__Task to carry out__. Retype the lines from the one containing "this 1182×1008 image." through the last line of the entries below, exactly and in full, omitting every image.

Collected data:
_ _ _ _
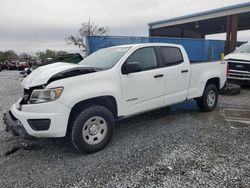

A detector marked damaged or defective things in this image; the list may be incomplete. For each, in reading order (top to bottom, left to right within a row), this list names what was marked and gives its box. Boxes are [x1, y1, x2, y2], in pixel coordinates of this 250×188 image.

damaged headlight [29, 87, 63, 104]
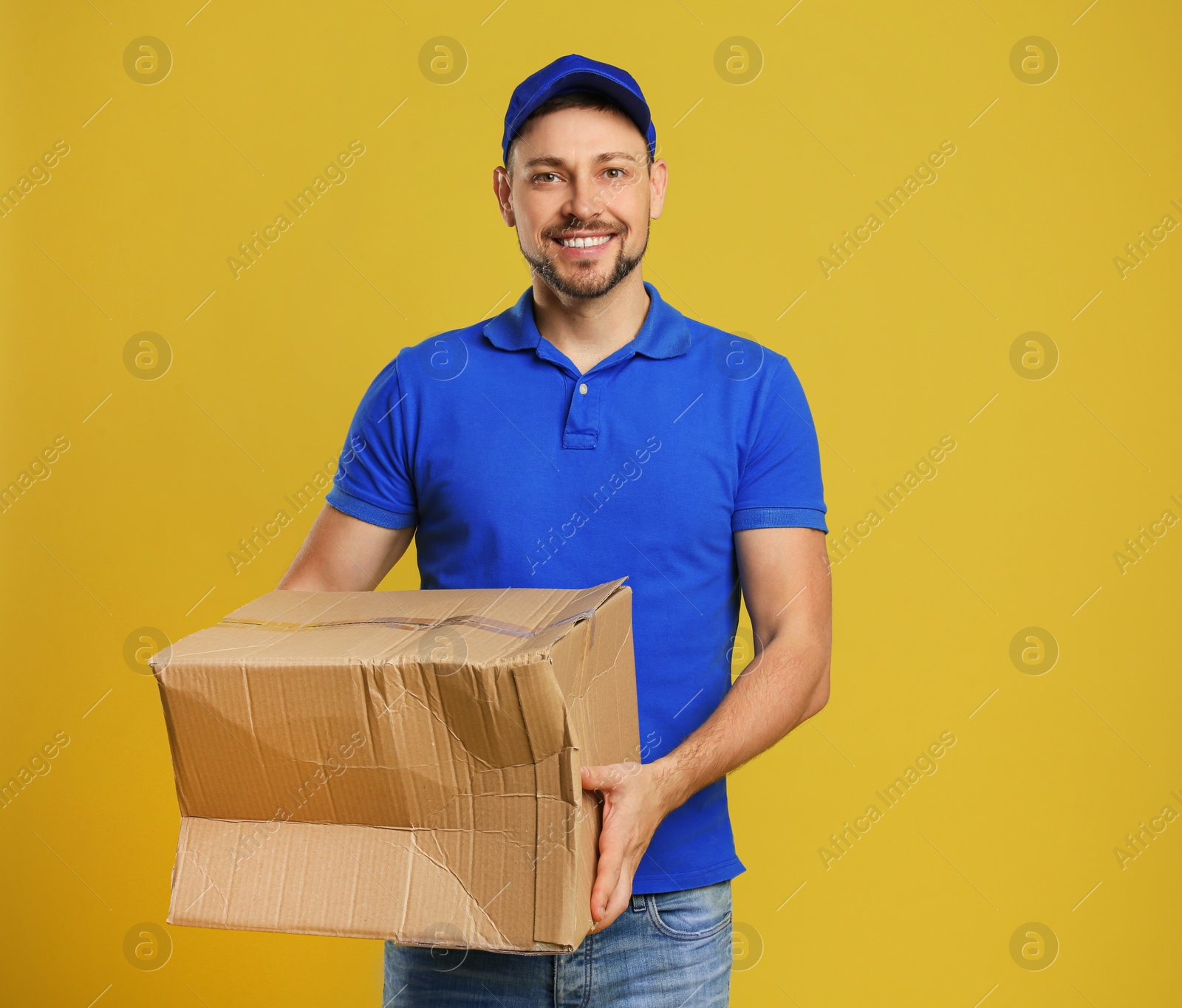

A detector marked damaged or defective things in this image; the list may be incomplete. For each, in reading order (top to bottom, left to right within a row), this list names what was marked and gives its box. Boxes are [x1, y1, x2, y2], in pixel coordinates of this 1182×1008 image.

torn cardboard [148, 579, 638, 951]
damaged cardboard box [154, 576, 647, 957]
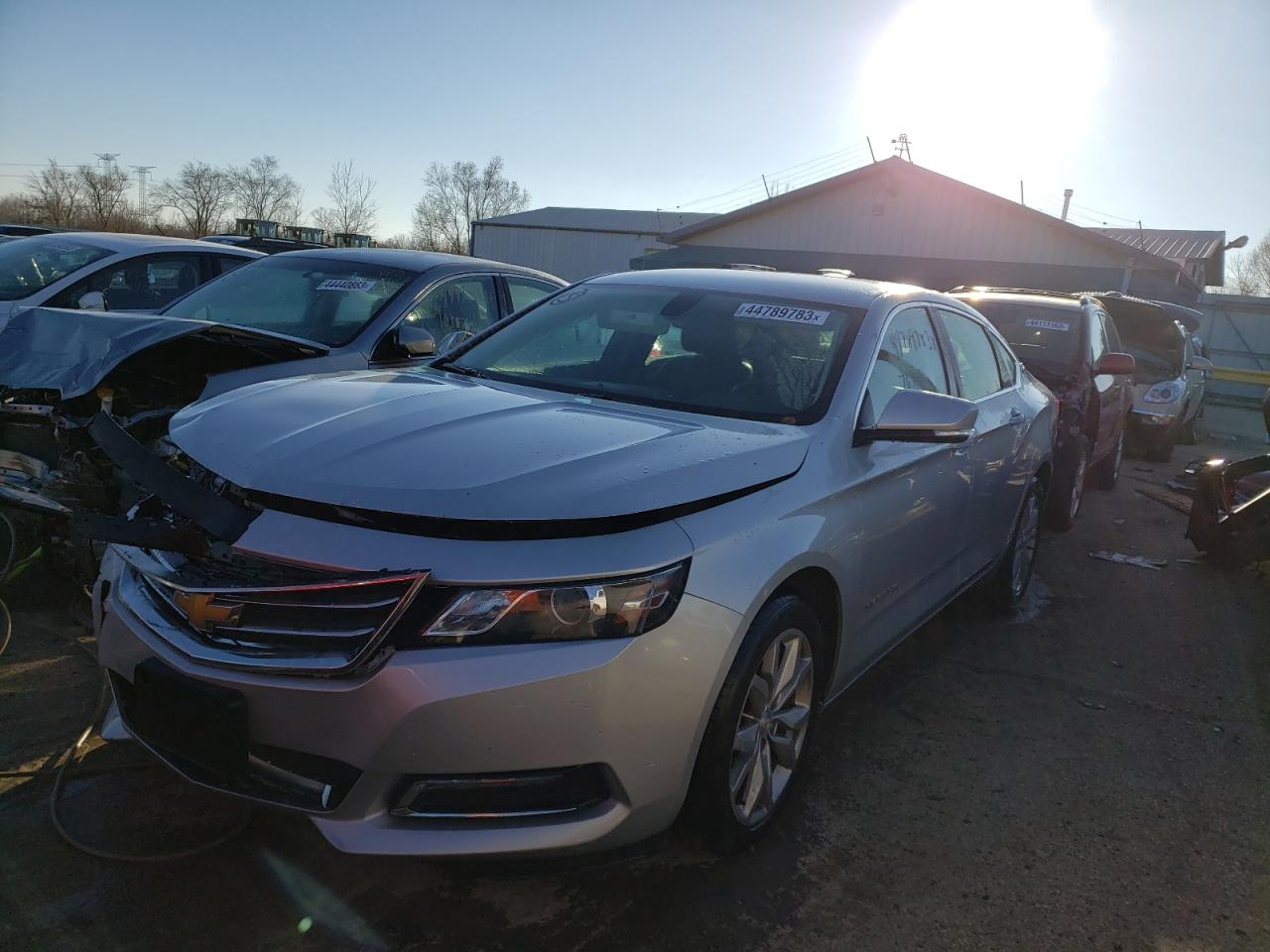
_ _ _ _
__Task result__.
A detector marked damaged or defective things in this image; the list may be incomplete. For each, in reading order (top to bottom, left to right within a row), this list names what was marked and gives its box. Boxes are [x1, y1, x2, y2], in pixel coordinates of this 1182×1008 image.

torn cardboard [148, 579, 638, 951]
damaged cardboard box [154, 576, 647, 957]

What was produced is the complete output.